A survivor of the costume drama

Oscar-winning designer Yvonne Blake, who abandoned Britain to take up residence in Spain, talks of the many pitfalls between a sketch and the screen

Yvonne Blake won an Academy Award in 1971 for her work on the film ‘Nicholas and Alexandra’.
Yvonne Blake won an Academy Award in 1971 for her work on the film ‘Nicholas and Alexandra’.REUTERS

Sitting at one end of her studio, near a small window, Yvonne Blake spends several hours a day creating the wardrobe for movies and plays. She puts on classical music or jazz, pours herself a glass of wine and starts to draw on a piece of grayish paper. There are pencils, paintbrushes and paint within reach. One sketch typically takes her an entire day's work, but getting to that point first requires reading the script carefully, analyzing the characters, gathering additional information from books and museums, finding the right fabrics, and meeting with the director and set designer to exchange ideas.
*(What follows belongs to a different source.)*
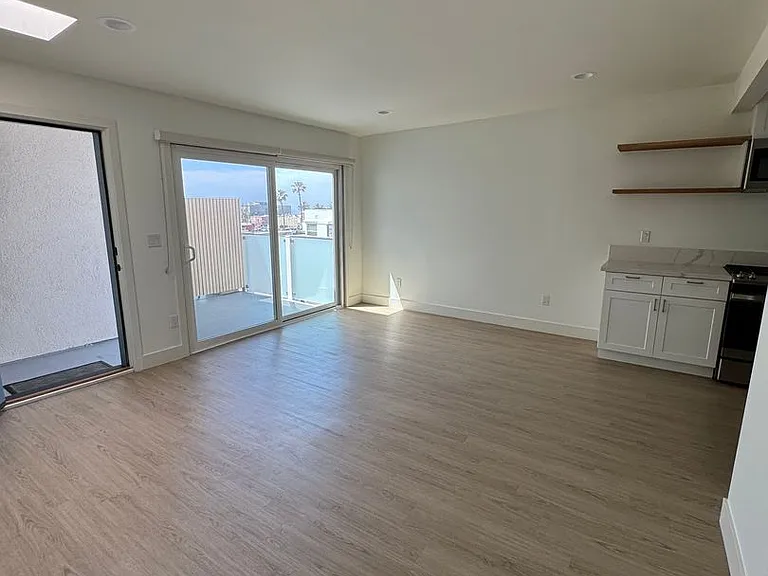 Sea Skiff Apartments Best Ocean View in Hermosa Beach — Photo 59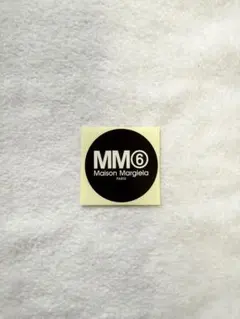 2026年最新】Maison Martin Margiela 文房具・事務用品の人気アイテム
Blake, who was born in Manchester but moved to Spain in 1968, has created the costumes for over 50 movies, including the blockbusters Superman and Jesus Christ Superstar. She won one Oscar and was nominated for another, besides taking home seven Goya Awards and receiving several nominations for BAFTAs and Emmys.

For the last year Blake has been working on an ambitious project called El último jinete (to be named The Last Horseman in its English-language version), a musical about a young Arab boy who dreams of finding the right horse to help him conquer a kingdom. The work premiered on December 5 at Madrid's Teatros del Canal, where it will run until January 6. Shortly before opening night, as she issued instructions and made last-minute alterations while the actors tried on her costumes, Blake described the process of costume-making vividly.

"There's a lot of suffering involved," she said. "It's like getting a tooth pulled out. Or maybe like childbirth. You forget the pain when you see that a beautiful baby came out, but childbirth is childbirth."

If it weren't for the Russian Revolution, I wouldn't be here today"

She says this mostly with the movie Nicholas and Alexandra in mind. One day in 1970, film producer Sam Spiegel called her up to discuss his new project, a film about the lives of the last czars of Russia. "I don't know you personally, but I have the feeling that you could do a great job dressing the characters in this story," he told her. Blake happily accepted, not realizing the enormity of the challenge ahead.

"It was agony," she recalls. "The production was oversize. I was a young 29-year-old, I was disorganized, and I was in charge of several departments with a lot of people in them. It's also true that we had a bottomless budget that gave me great freedom to create. But there were two tailors there who hated one another, and I was caught in the middle of that. It was a year of preparation and another year of filming, and by the end of it I was very angry and depressed. So much so, in fact, that I thought of quitting this profession."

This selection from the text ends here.